Task statement:
Return the material below exactly, but only from the line with "Vista 99 de" through the line with "Engagement Flyer, Save the date", and without its pictures.

*** Records to process ***

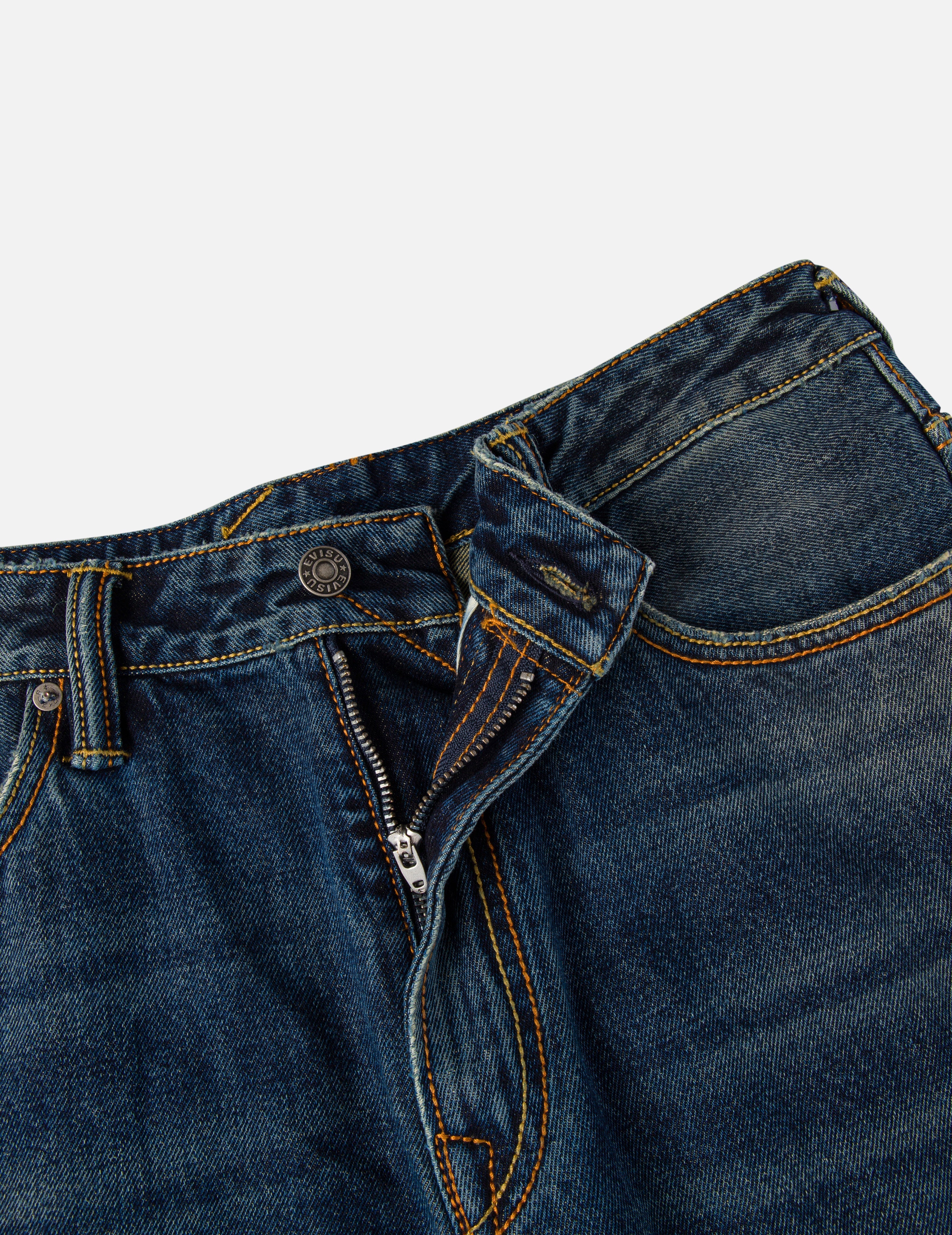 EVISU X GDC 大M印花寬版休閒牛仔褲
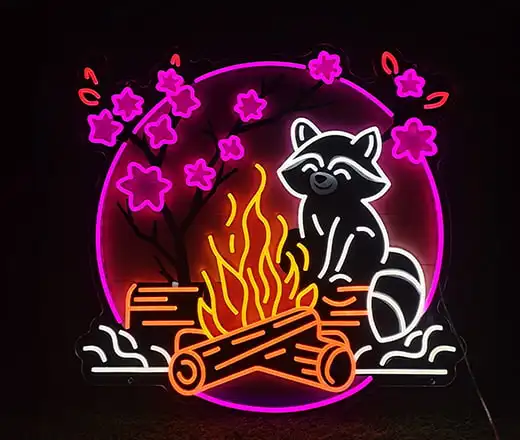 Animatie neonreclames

***
*** Records to process ***

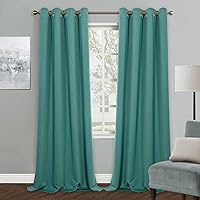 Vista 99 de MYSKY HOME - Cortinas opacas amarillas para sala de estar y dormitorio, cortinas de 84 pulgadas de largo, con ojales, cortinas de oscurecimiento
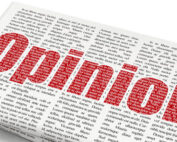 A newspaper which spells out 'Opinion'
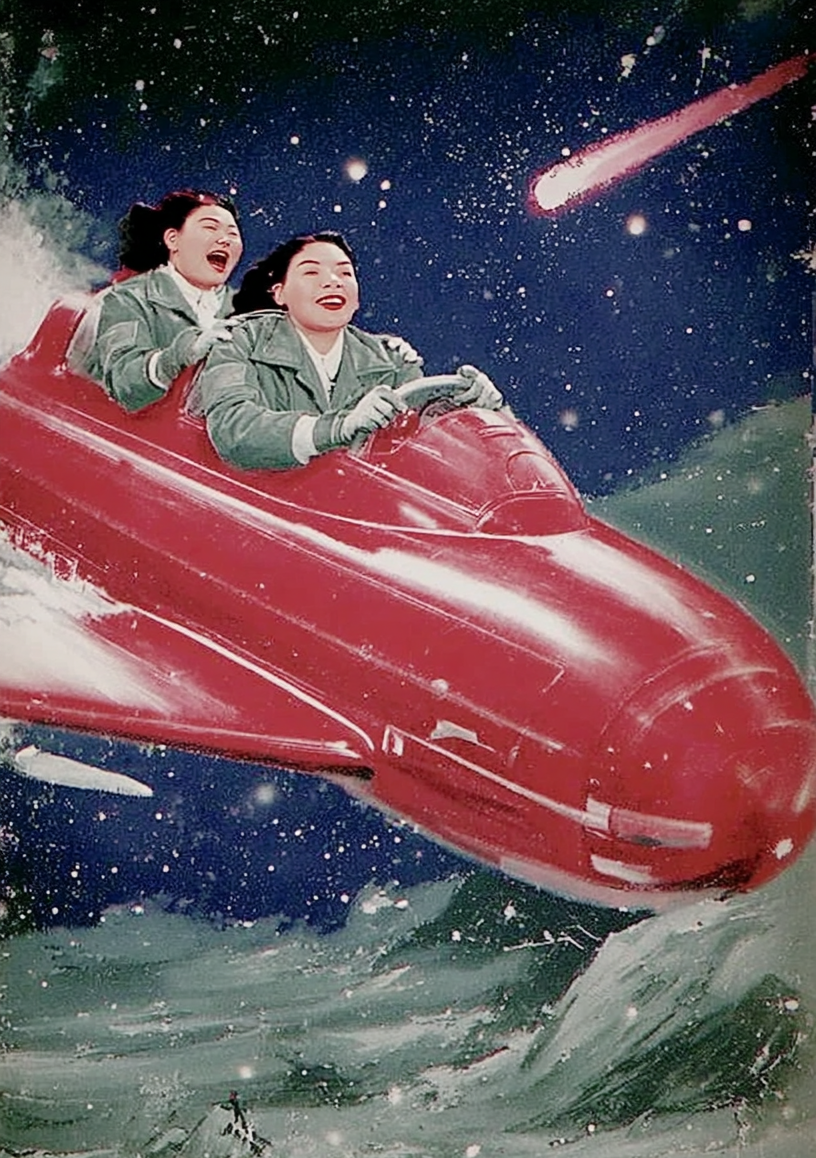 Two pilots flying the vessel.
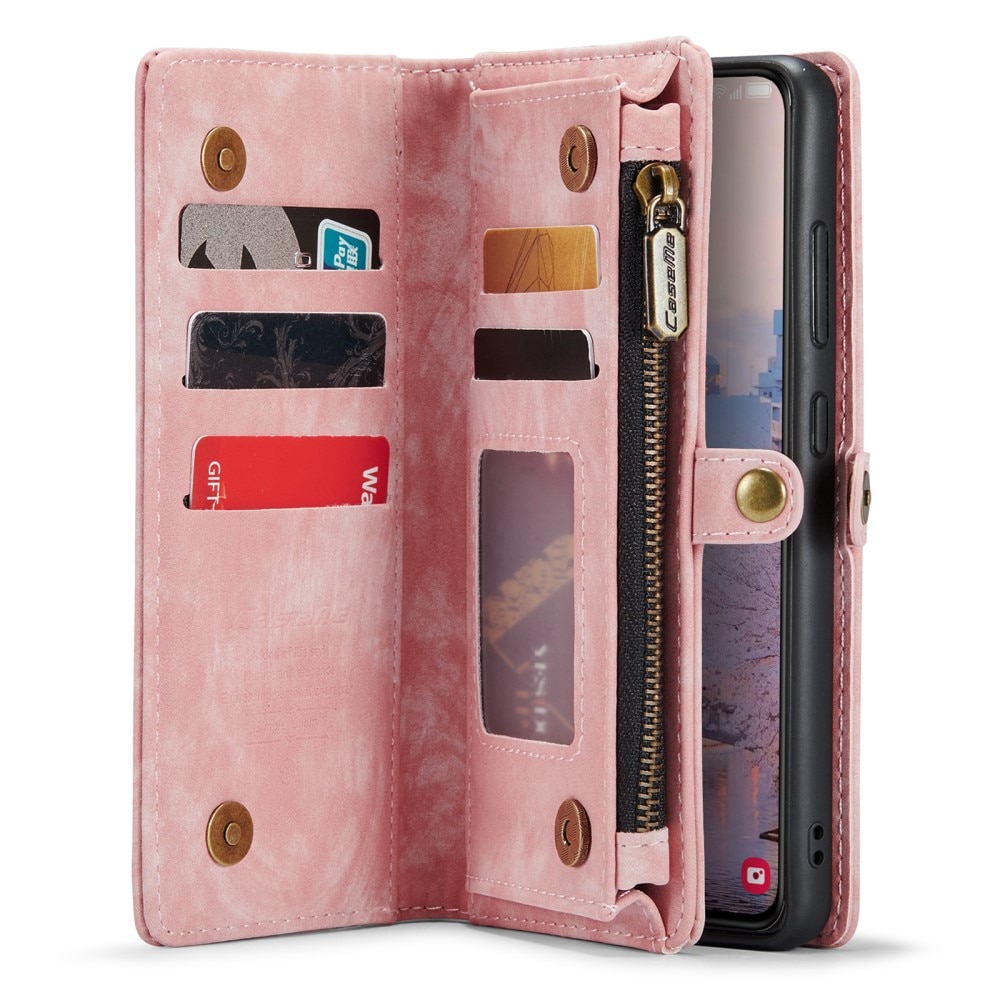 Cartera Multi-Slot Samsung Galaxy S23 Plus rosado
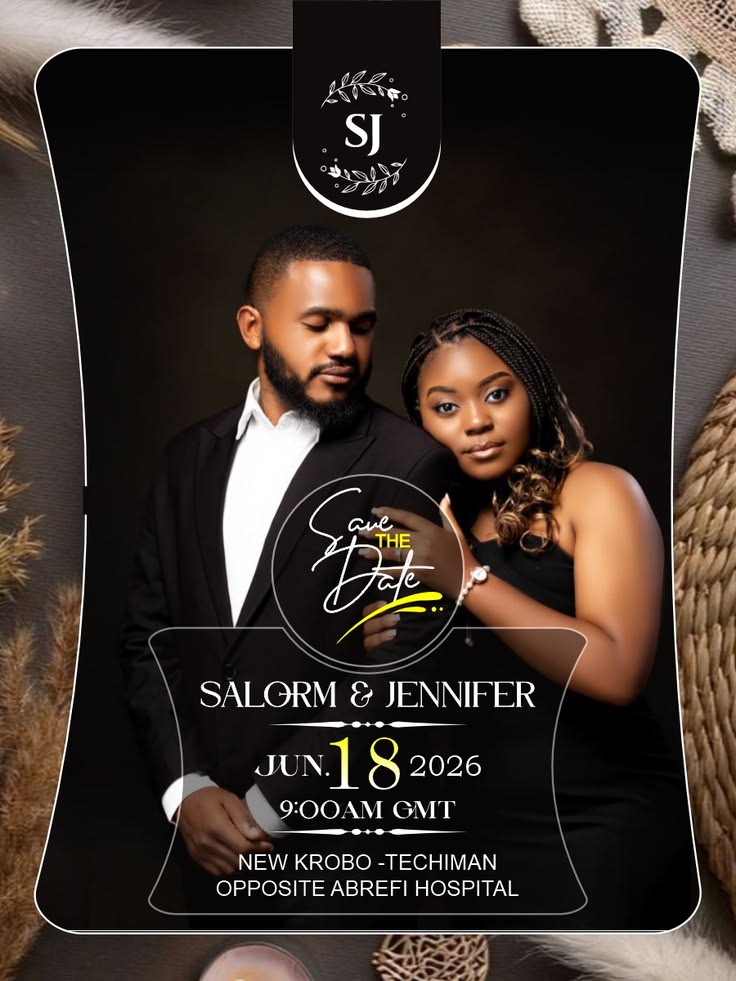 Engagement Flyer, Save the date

***

Task output:
 Vista 99 de MYSKY HOME - Cortinas opacas amarillas para sala de estar y dormitorio, cortinas de 84 pulgadas de largo, con ojales, cortinas de oscurecimiento
 A newspaper which spells out 'Opinion'
 Two pilots flying the vessel.
 Cartera Multi-Slot Samsung Galaxy S23 Plus rosado
 Engagement Flyer, Save the date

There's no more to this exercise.